En ce sens Fabien Roussel a tracé une voie à suivre pour la gauche pour qu’un jour on n’entende plus jamais que la majorité des employés, techniciens et ouvriers ont voté RN lors de tel ou tel scrutin.
S’il manque 15 à 20 millions de voix à la gauche, c’est bien par l’incapacité de la gauche à parler au monde du travail, à travailler correctement avec les syndicats, à avoir un discours crédible sur un tas de sujets. C’est aussi par l’acceptation du communautarisme et sa mise en scène alors que notre peuple est profondément laïque et citoyen. Et c’est un problème bien plus ardu qu’un simple jeu d’arithmétique électoral.
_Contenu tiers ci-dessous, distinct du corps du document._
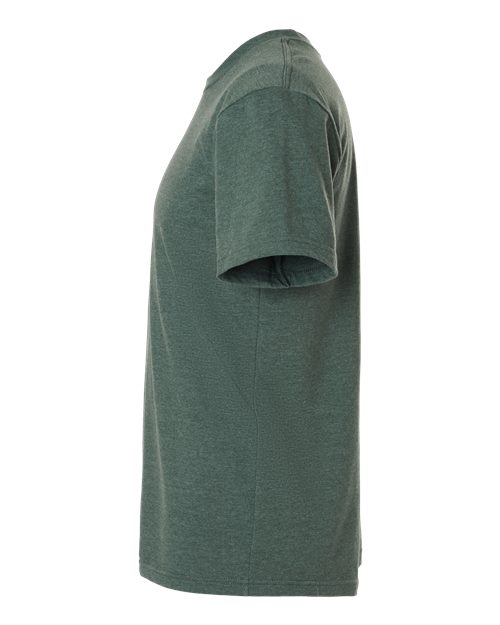 American Apparel 2001CVC Heather Forest — direct side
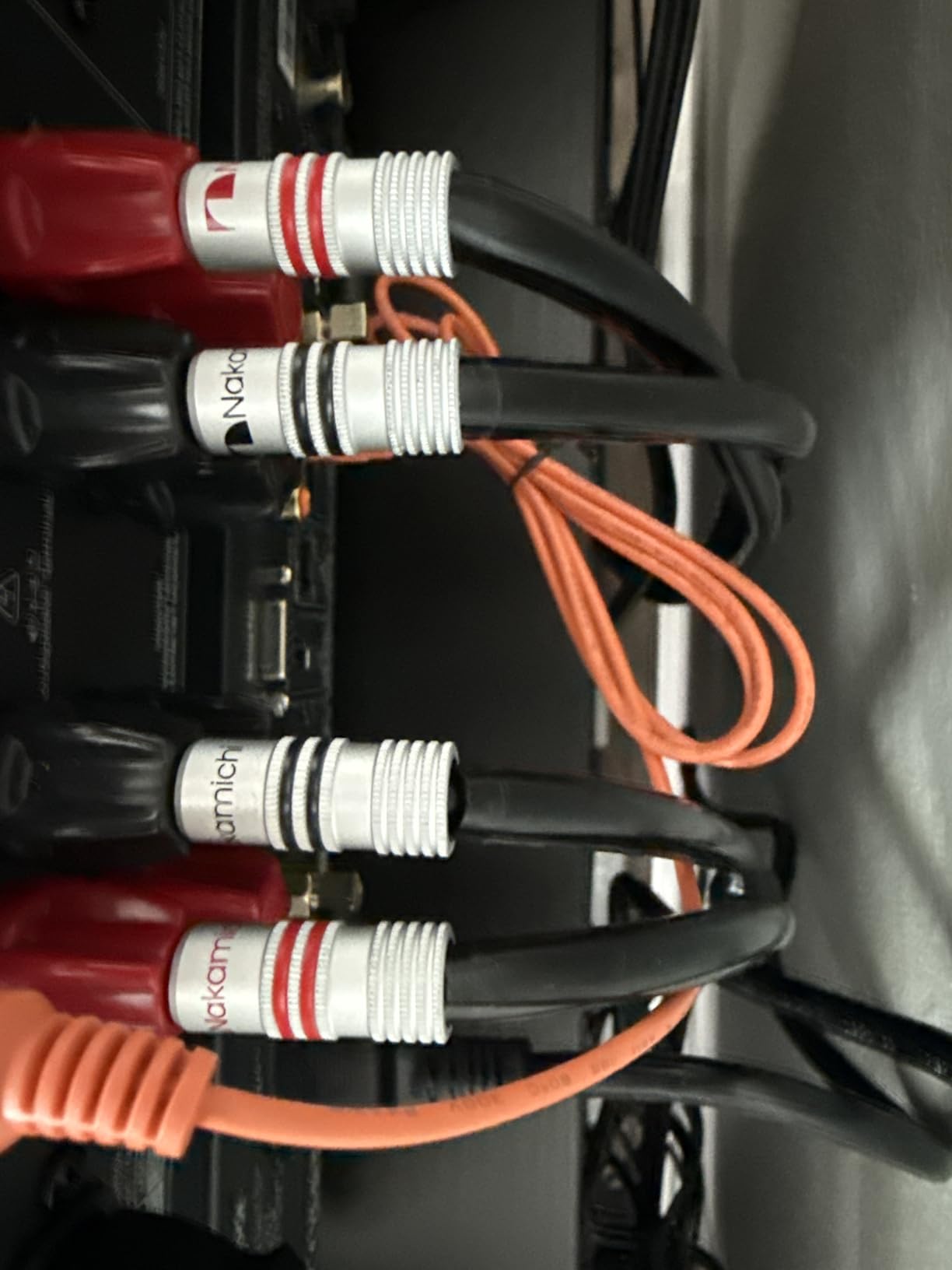 Nakamichi 24k Gold Plated Banana Plugs with 12 AWG Speaker Cable 99.9% OFC customer photo 2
Pour terminer il faut évoquer cette spirale du vote utile qui a tout emporté les 2 dernières semaines, jusqu’aux dernier jours et qui a siphonné les candidats de gauche au profit d’un seul. On a observé le même phénomène à l’extrême droite et à droite. Des enquêtes d’opinion confirment ce qu’on a ressenti sur le terrain avec de nombreux témoignages de gens nous disant qu’ils allaient voter pour le candidat de gauche le mieux placé dans les sondages, quand bien même ils auraient volontiers voté pour notre candidat Fabien Roussel si seul le critère du vote de conviction prévalait. Les électeurs sont cadenassés dans un système électoral à 2 tours et avec cette difficulté nouvelle qui s’ajoute depuis 10 ans d’un affaiblissement général de la gauche où la présence au second tour n’est même plus acquise. Ils en sont réduits à voter sur un critère de stratégie et moins de conviction et cherchent désespérément une issue à cette situation. On le voit d’ailleurs à la déprime générale ambiante, bien avant les résultats du premier tour. Ce n’est pas sain comme fonctionnement démocratique. Et je ne pense pas qu’on résoudra le problème durablement par une simple pirouette électorale, mais par un travail de fond de reconquête d’un électorat populaire, pour que cette question de vote prétendument utile ne puisse plus « squeezer » la démocratie.
Maintenant il reste à enrichir ce compagnonnage avec un PCF, qui aux côtés de Fabien Roussel, a abandonné les errances populistes et communautaristes pour se réapproprier la République et la laïcité en mettant le social, le service public, l’emploi et le salaire au cœur.